Reality really can bite

Closer

(Yes, spoilers of course – but as the whole film spoils one’s concept of love, who cares??)

I re-watched this piece of urban, middle class, romantic dystopia last night, for the first time since it was in the cinema back in – (quick check on IMDb) – 2004.  And no, I haven’t seen the play.  Though I think one hardly needs to, since Patrick Marber wrote both that and this screenplay, and several moments in the film are decidedly stagey (which is not intended as a criticism of the acting, but the script makes it hard for it not to appear quite theatrical at times).

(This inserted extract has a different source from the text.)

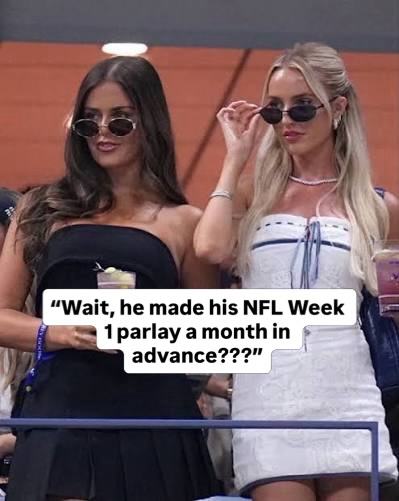 NFL Week 1 is officially ONE MONTH away. Lock in folks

I remember feeling utterly bummed out when I first saw it, so cruel and superficial were the characters, so selfish their actions, such a pessimistic view of men and women and their attitude to sex, love and fidelity.  So I watched through metaphorical fingers this second time, being recently single myself and decidedly heart-broken, and not really wanting to believe that all men are such bastards.  (As a woman who is not quite as fickle, though nor sadly as beautiful, as Julia Roberts’ Anna, I can reassure myself that the film doesn’t, at least, speak for all women.) 

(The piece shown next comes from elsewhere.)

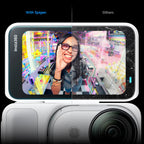 Folie de sticlă Spigen Glas.tR Slim pentru ecranul Insta360 GO Ultra – imagine 4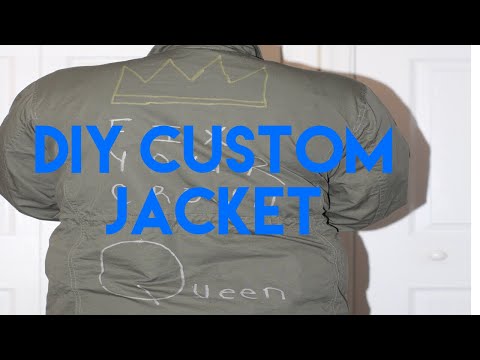 D.I.Y Custom Jacket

Somehow, this time round I liked it more.  The characters are still largely loathsome – you start quite liking Clive Owen (if only because he’s not cheating on anybody when he hooks up with Roberts – though the trigger for their encounter doesn’t exactly present him as a paragon of gentlemanly intention), then the rug is pulled with the revelation of his own indiscretion with the “whore” in New York, and his subsequently misogynist and vile interaction with Alice (a superb Natalie Portman) in the strip club.  Similarly, Anna wins us in the beginning as she rebuffs Jude Law’s adulterous advances – but then ricochets back and forth between the two men in a completely unsympathetic and unflatteringly cold portrayal of a woman who doesn’t really know what she wants.  Jude Law’s Dan is a bit of a weak-chinned weasel throughout the film, and yet ends up rejected and alone.  Still, did I think of him kindly as I switched off the telly and went to bed?  No.  He had it coming!

But that’s the story.  And putting the plot aside, as a film I thought this was terrific.  The acting is consistently excellent, and the characters’ delivery of their lines (even those that suggested they were suddenly transported to a West End stage, rather than on a set in Clerkenwell) was punchy, realistic and totally riveting.  All four actors portrayed the darker side of their characters with neither sympathy nor judgement, which is no mean feat when playing people as odious as this.  In managing to keep it real, the audience is swept along with their romantic travails, and still cares about what happens (even if one doesn’t care about the individual him or herself). 

If it doesn’t enhance my view of modern love, and only increases my fear that humans are, at heart, potentially weak-willed and unfaithful, at least it restores my faith in the power of good writing and the well-told story of human frailty.